As President Biden may try to take US-China relations in a more positive direction, some suggest that Biden may return to more conventional diplomacy, and open the door to working with China on issues such as climate change and public health.

As a former member of the Senate Committee on Foreign Relations, Biden has repeatedly stressed his desire to restore America’s alliances in Europe and Asia, and its status in the world as a champion of democracy and a rules-based international order. . He has argued that the best way is to address China’s threat.

“The most effective way to tackle this challenge is to build a united front of US allies and partners to confront China’s abuses and human rights abuses, even as we try to work with Beijing. on issues where our interests come together, such as climate change, nonproliferation, and global health security, ”he wrote earlier this spring in Foreign Affairs.

‘On its own, the United States accounts for about a quarter of global GDP. If we participate together with other democracies, our power will more than double. China cannot afford to ignore more than half of the world economy. ”

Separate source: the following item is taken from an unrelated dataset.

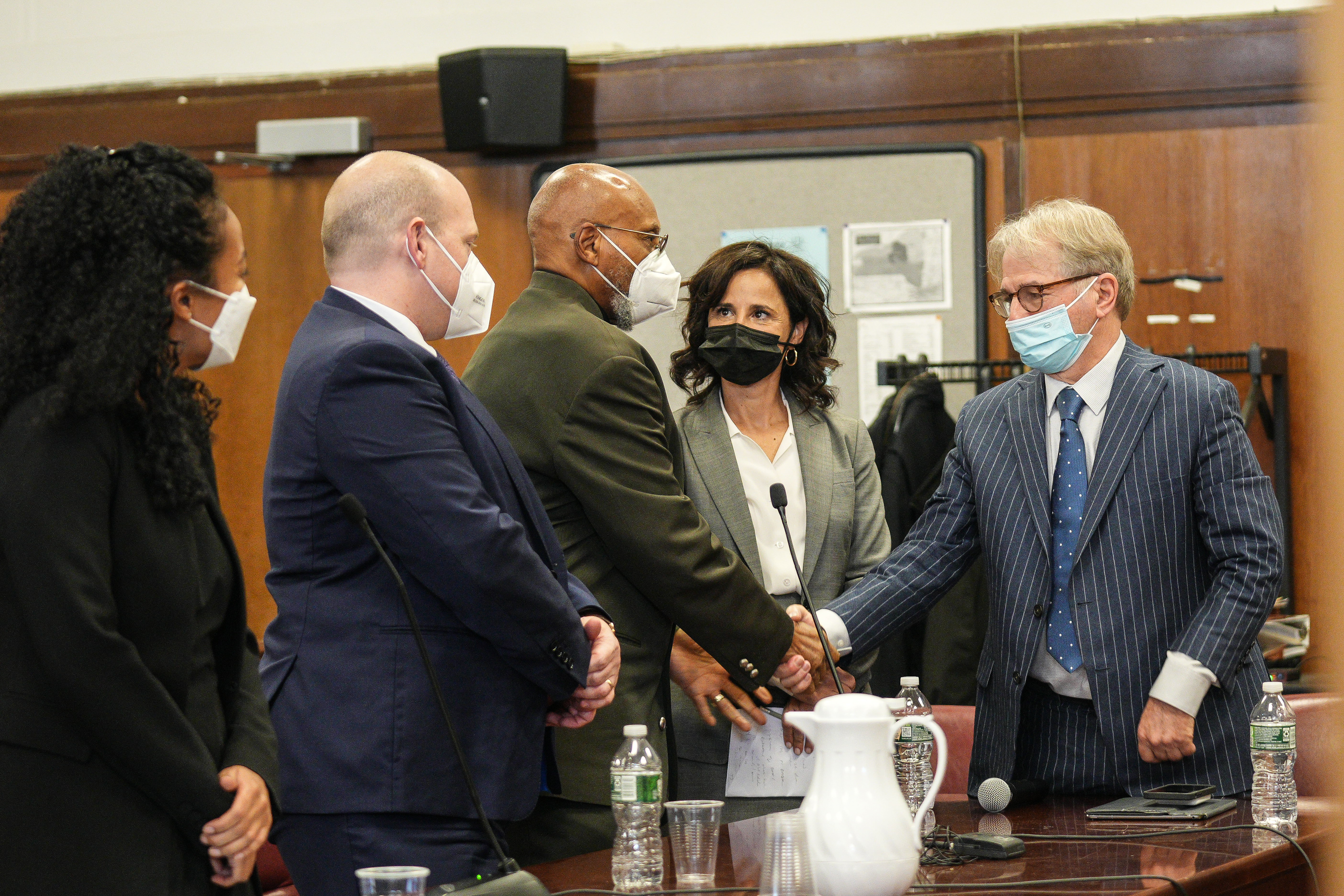 Men Exonerated for Assissination of Malcolm X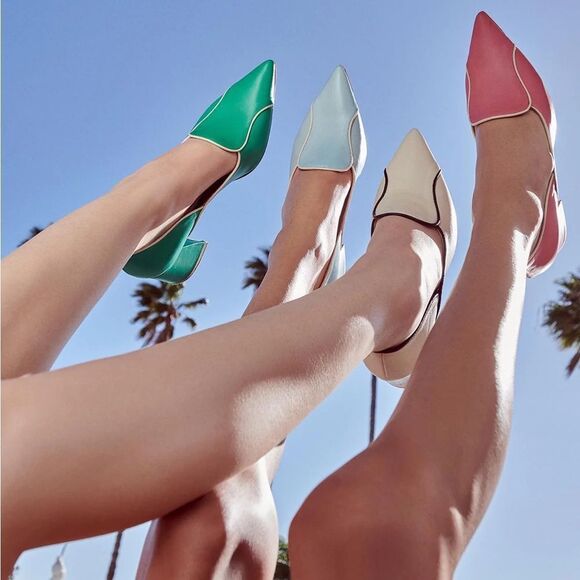 Mavette Fiona calf skin loafers sz 7 - Picture 4 of 11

In this way, Biden can try to take a middle-of-the-road approach that remains troubling about some issues in China while opening up communication channels that Trump has effectively shut down, excluding trade.

“I think you’re going to have a change of tone, an appreciation that you need to talk to China, like Nixon and Kissinger did,” said Medeiros, the Georgetown expert.

“But,” he added, “dialogue is not a concession, and negotiation is not accommodation.”

It remains to be seen whether diplomacy and international pressure will work towards an emboldened Chinese leadership. Beijing dismissed an international court ruling against its recommendations on the South China Sea, and Xi continued to impose a comprehensive security law on Hong Kong, despite warnings from the US and other countries.

Not surprisingly, U.S. attitudes have been more negative toward China, and that may also limit Biden’s hand.

“Every president in this country responds to public opinion,” said Rep. Brad Sherman (D-Northridge), who nevertheless expects Biden to return the confrontation on the South China Sea.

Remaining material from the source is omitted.